На краю лагеря была сооружена деревянная трибуна, настолько высокая, чтобы каждый со своего места мог хорошо видеть происходящее. Калигула в своей обычной спешке назначил казнь обоих предателей на один день. Агриппину и Ливиллу принудили наблюдать за ней, стоя со связанными руками.

Гордо и спокойно поднялся Гетулик на возвышение, опустился на колени и склонил голову. Когда палач натренированным ударом отделил ее от плеч, Ливилла отвернулась, Агриппина же внимательно за всем наблюдала без видимого волнения.

Ее любовник Лепид, по жизни кутила и сластолюбец, даже и не думал молча встретить свой последний час. Он громко крикнул Калигуле:

— И ты скоро окажешься на моем месте, ты, старый развратник, любитель залезть в чужую задницу. Мы скоро с тобой…

Охранник ударил его эфесом по зубам. Лепид выплюнул кровь вместе с осколками зубов, выпятил зад в сторону Калигулы и принялся вихлять им, как дешевая проститутка. Палач схватил его за волосы и заставил склониться. Но Лепид не собирался вести себя смирно, и первый удар пришелся ему по плечу. Только после третьего удара голова его покатилась по деревянному настилу.

Агриппина прокричала Калигуле:

— Это было достойное прощание, ты его заслужил! Надеюсь, предсказание скоро исполнится!

Ее быстро увели, и толпа начала расходиться. Ни один не сомневался, что предатели получили по заслугам. Император и полководец должен быть строгим и справедливым, каковым и являлся Калигула в их глазах.

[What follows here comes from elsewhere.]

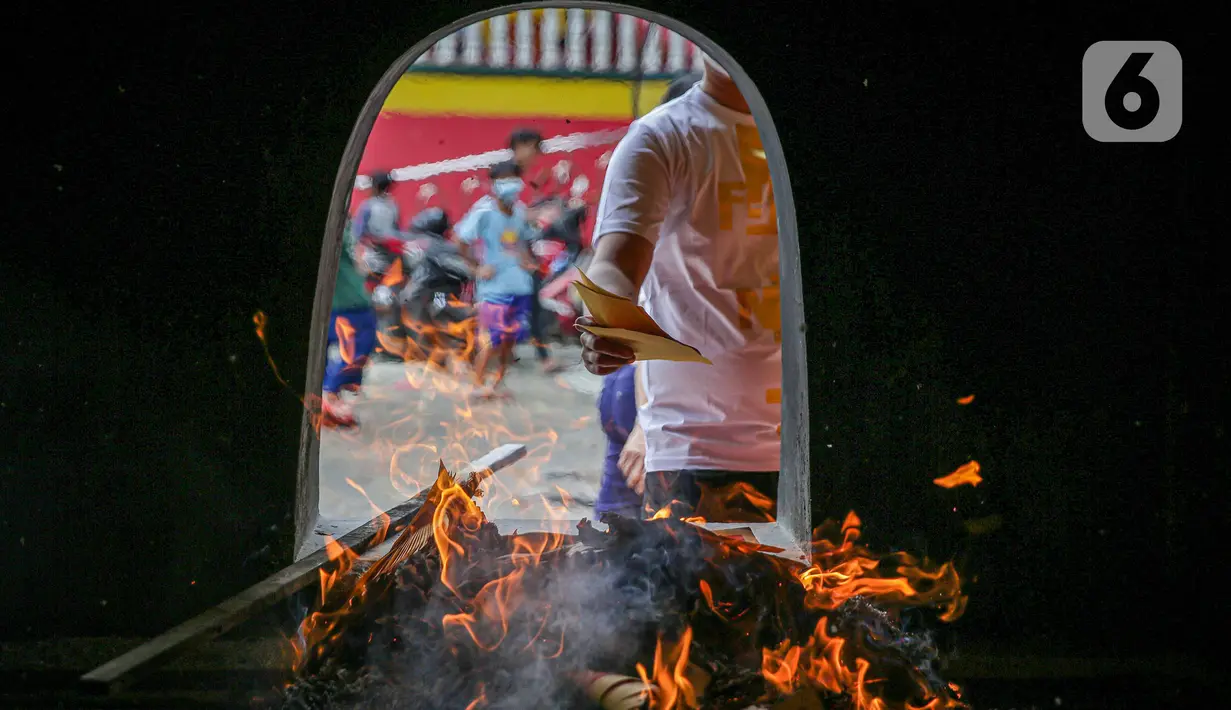 Warga Tionghoa kertas sembahyang saat perayaan Tahun Baru Imlek 2573 Kongzili di Vihara Avalokitesvara, Tangerang Selatan, Selasa (1/2/2022). Pengelola Vihara memberlakukan pengaturan waktu dan jumlah pengunjung  dengan ketentuan protokol kesehatan Covid-19 yang berlaku. (Liputan6.com/Faizal Fanani)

Император сразу же послал в Рим подробное сообщение о происшедших событиях. Сенат принес благодарственную жертву за его спасение и направил на Рейн делегацию, чтобы выразить свое поклонение божественному. К несчастью Клавдия Цезаря, именно ему поручили ее возглавлять.

Он пожаловался Каллисту:

— Почему не пошлют кого-нибудь помоложе? Я тяжело переношу путешествия, кроме того, я не уверен, что Калигула обрадуется моему появлению. Теперь, когда ты знаешь, что он хочет отделаться от меня… Возможно, он думает, что я тоже был замешан в заговоре, и прикажет меня потихоньку убрать. Только потому, что все сенаторы слишком трусливы, выбрали меня…

— Успокойся, Клавдий Цезарь! Мне все видится по-другому: поездка, наоборот, может стать для тебя выгодной. Возможно, император поручил кому-нибудь в Риме убрать тебя — прости мне ужасное выражение, но император сам употребляет его довольно часто. Если же ты окажешься в пути с официальной миссией, с тобой ничего не случится. И не торопись возвращаться! Притворись старым, больным человеком, которого утомило путешествие и которому необходимо поправиться в дальнем имении. Так мы выиграем время, Клавдий Цезарь, и, надеюсь, скоро наступят дни, когда мы сможем свободно вздохнуть — ты, я, изгнанные сестры императора, патриции, сенат, да и весь Рим!

Каллист владел даром убеждения, и Клавдий, немного успокоенный, отправился в дальний путь.

Прошло два месяца, а нога Хереи все еще оставалась слабой. Боль не уходила, и он едва мог ступить на ногу. Врач задумчиво качал головой.

— Не понимаю! Кости срослись, остался только обычный отек. Возможно, воспаление еще продержится какое-то время, к тому же зимнее время не благоприятствует заживлению. Будет лучше, если ты отправишься на Путеоли, к источникам. Советую тебе купаться там пять-шесть раз в день, причем твоя больная нога должна каждый раз не меньше получаса оставаться под водой. Как правило, в таких случаях скоро наступает ощутимое улучшение или полное выздоровление.

— Я должен сам за все заплатить?

Врач кивнул.

— К сожалению, трибун. Если бы это произошло на службе… Но не думаю, чтобы пребывание там стоило тебе слишком дорого. Я напишу распоряжение, и ты сможешь остановиться в военном госпитале, где тебе предоставят и еду. Тебе надо будет оплатить только ванны и дорогу.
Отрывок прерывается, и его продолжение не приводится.